Problem to scrape several tags at once VB .NET

Topics: Developer Forum, User Forum
Mar 17, 2011 at 6:30 PM

Hi Guys,
I'm a pretty new HTML Agility Pack user, only played around with it last few days
trying to scrape some business info but I can't get it to work as I want.

Instead of trying to explain in writing, I better show you my code below.

The result I get is this, different company name, but all with same phone and address:
   Le Soleil Spa, 403-766-9231, 2359 Banff Trail NW, Calgary, AB, T2M4L2
   Spa Ritual The, 403-766-9231, 2359 Banff Trail NW, Calgary, AB, T2M4L2
   Sante Spa, 403-766-9231, 2359 Banff Trail NW, Calgary, AB, T2M4L2

And this is what I am expecting to get:
   Le Soleil Spa, 403-766-9231, 2359 Banff Trail NW, Calgary, AB, T2M4L2
   Spa Ritual The, 403-766-9231, 106 Crowfoot Terr NW, Calgary, AB, T3G4J8
   Sante Spa, 403-766-9231, 240-508 24 Ave SW, Calgary, AB, T2S0K4

I hope someone can show me what I done wrong, since I almost pulled my hair off already while trying to figure it out ...
If I'm on a totally wrong road here, please show me some sample (VB) code that will point me the right way ...

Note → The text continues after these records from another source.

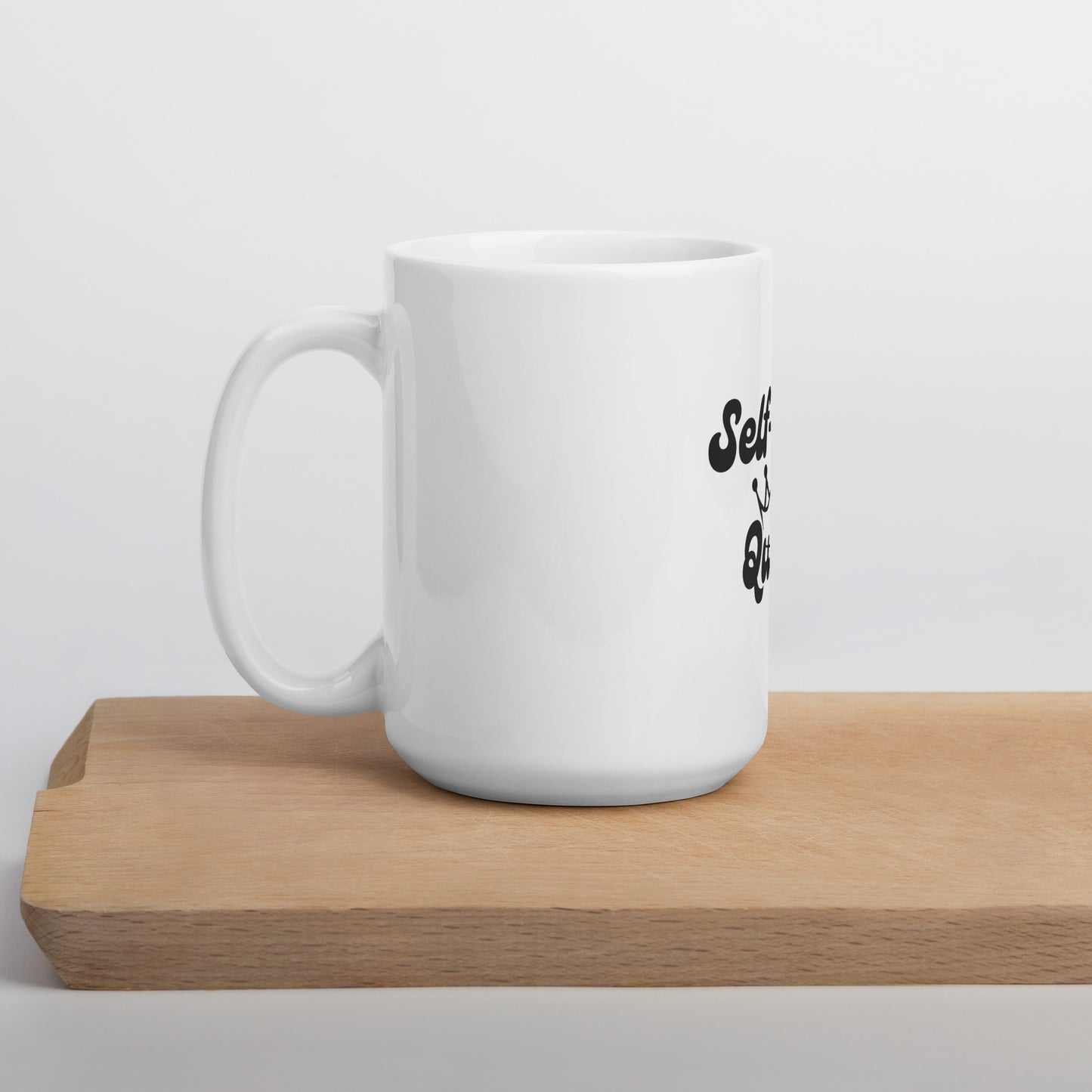 Self Care Queen White Glossy Mug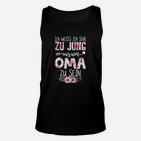 Ich Weiss Ich Sehe Zu Jung Aus Um Oma Zu Sein TankTop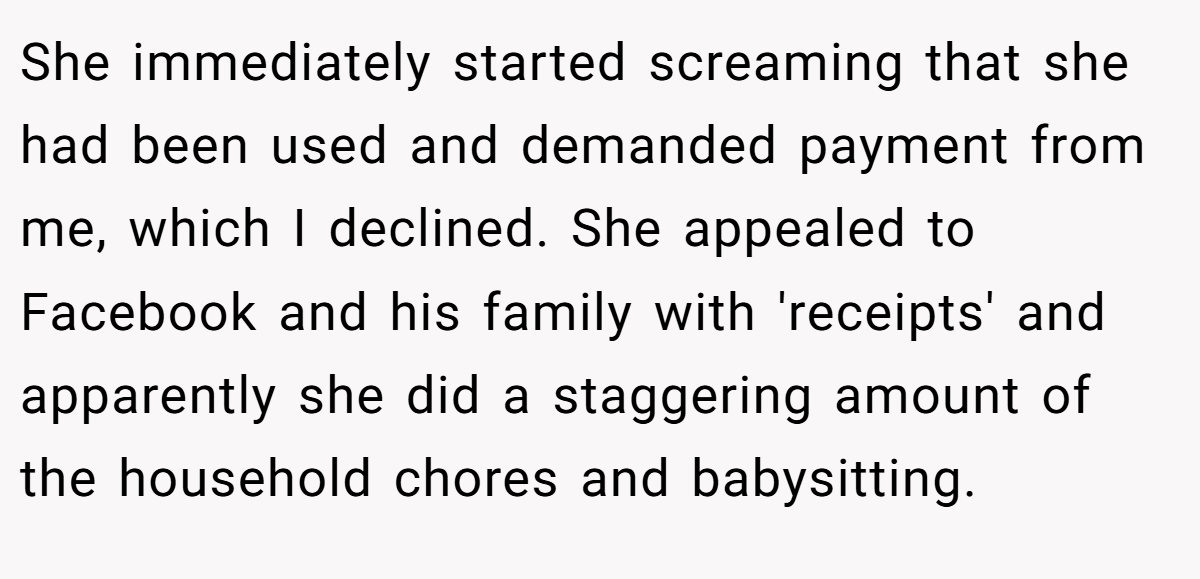 She immediately started screaming that she had been used and demanded payment from me, which I declined. She appealed to Facebook and his family with 'receipts' and apparently she did a staggering amount of the household chores and babysitting.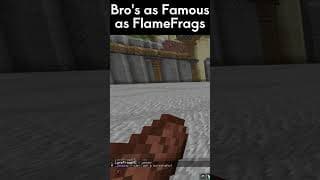 Is This FlameFrags Levels of Famousness?  #flamefrags #minecraft #larpfrags #shorts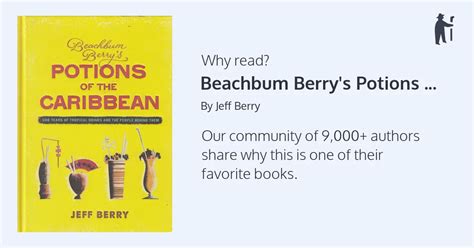 Why Read Beachbum Berrys Potions Of The Caribbean
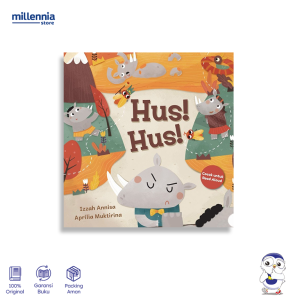 Noura Kids - Buku Anak Hus! Hus! - Cerita Anak Seri Read Aloud Softcover - Millennia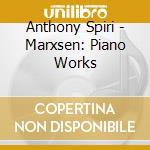 Anthony Spiri - Marxsen: Piano Works cd musicale di Anthony Spiri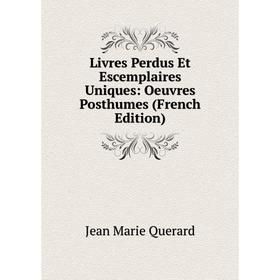

Книга Livres Perdus Et Escemplaires Uniques: Oeuvres Posthumes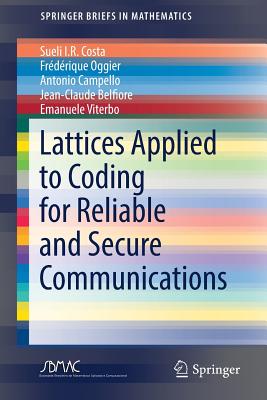 Lattices Applied to Coding for Reliable and Secure Communications (Springerbriefs in Mathematics) By Sueli I. R. Costa, Frédérique Oggier, Antonio Campello Cover Image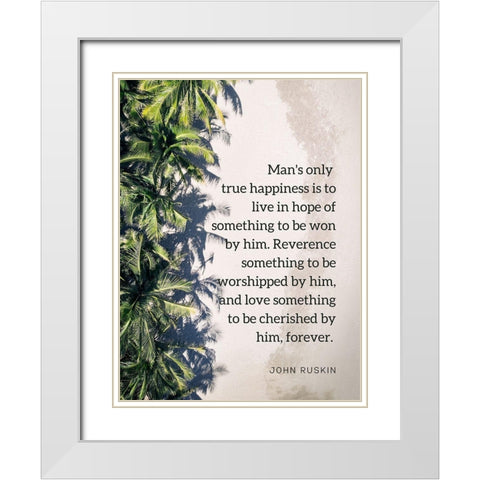 John Ruskin Quote: True Happiness White Modern Wood Framed Art Print with Double Matting by ArtsyQuotes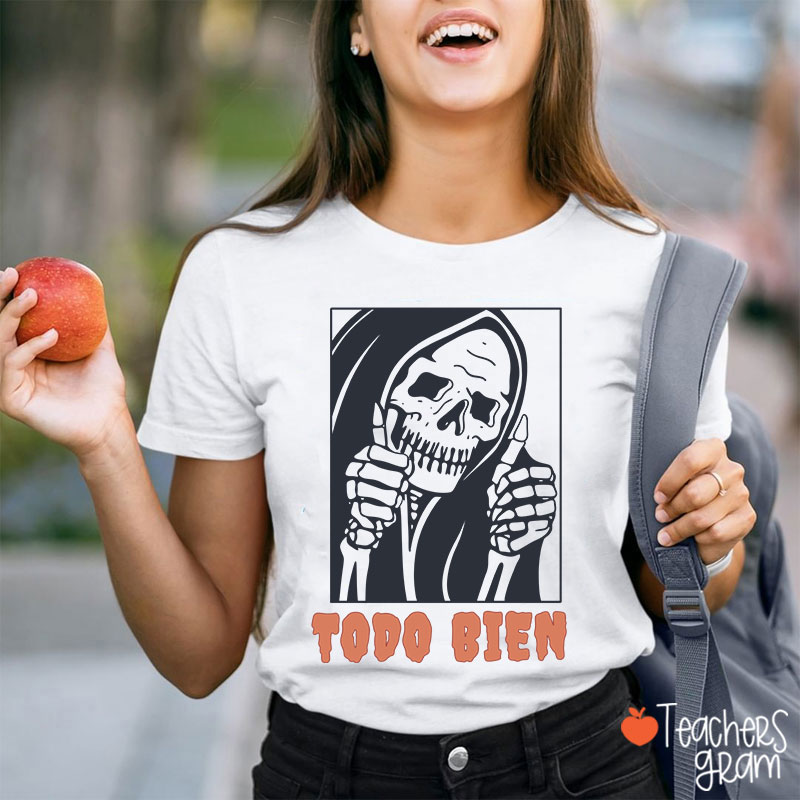Todo Bien Halloween Teacher T-Shirt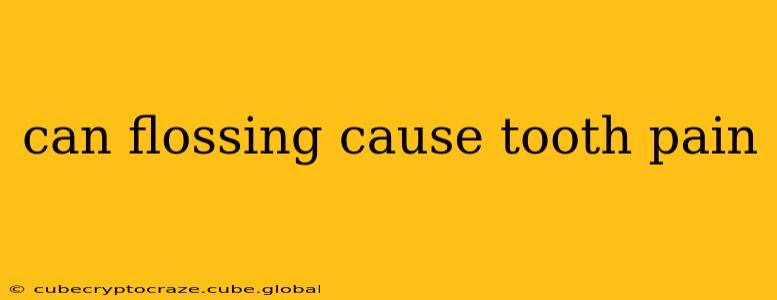 can flossing cause tooth pain
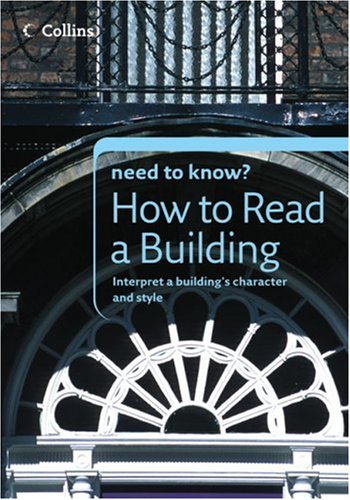How to Read a Building (Collins Need to Know?)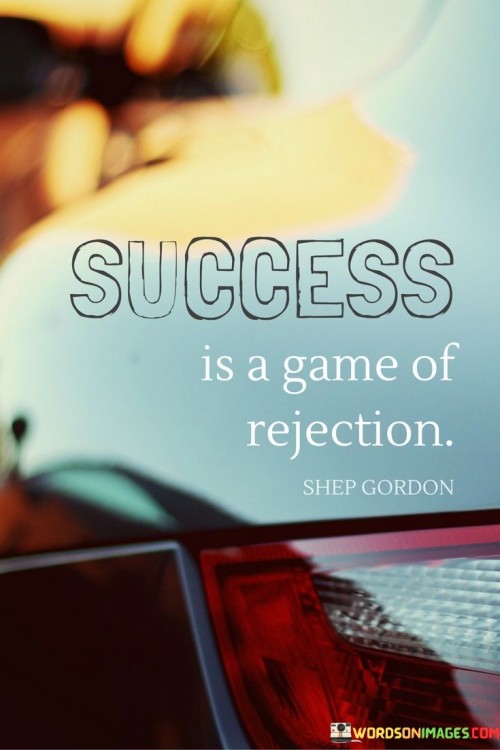 The statement suggests that rejection is a common aspect of the journey to success. It implies that facing setbacks, failures, and disappointments is a natural part of pursuing one's goals. By highlighting the resilience and determination required to navigate rejection, the statement underscores the importance of perseverance in achieving meaningful accomplishments.

The statement redefines the role of rejection in the pursuit of success. It implies that rather than being discouraging, rejection can serve as a valuable learning experience and a stepping stone to improvement. By recognizing the transformative potential of setbacks, individuals can harness the lessons learned to enhance their path to success.

The brevity of the statement captures a pivotal perspective. It encapsulates the idea that success often involves overcoming rejection and adversity. The statement's message encourages individuals to view rejection as an opportunity for growth and to persist in the face of setbacks, ultimately highlighting the significance of resilience and perseverance in the journey toward success.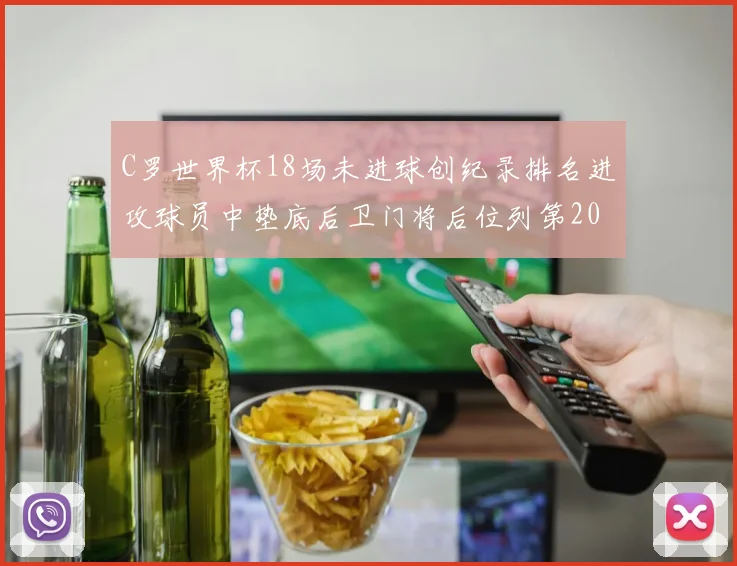 C罗世界杯18场未进球创纪录排名进攻球员中垫底后卫门将后位列第20
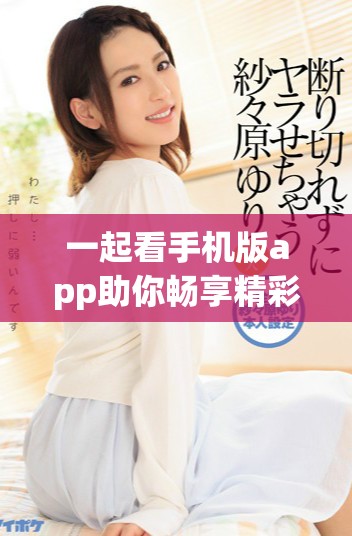 一起看手机版app助你畅享精彩视频，轻松分享无限乐趣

  Private Function CleanItem(ByVal sRecord As String)
    Dim replaceUnwanted As String = ""
    replaceUnwanted = sRecord.Replace("&", "&") '
    replaceUnwanted = replaceUnwanted.Replace("'", "'")
    Return replaceUnwanted
  End Function


  Private Sub do_scrape()
    ' This is the URL I'm testing to scrape info from
    '  http://www.yellowpages.ca/search/si/1/Estheticians/Calgary+AB

    Dim content As String = ""
    Dim address As HtmlAgilityPack.HtmlNode
    Dim phone As HtmlAgilityPack.HtmlNode

    Dim doc As New HtmlAgilityPack.HtmlDocument()
    doc.Load(WB1.DocumentStream)
    Dim hnc As HtmlAgilityPack.HtmlNodeCollection = doc.DocumentNode.SelectNodes("//span[@class='listingTitle']")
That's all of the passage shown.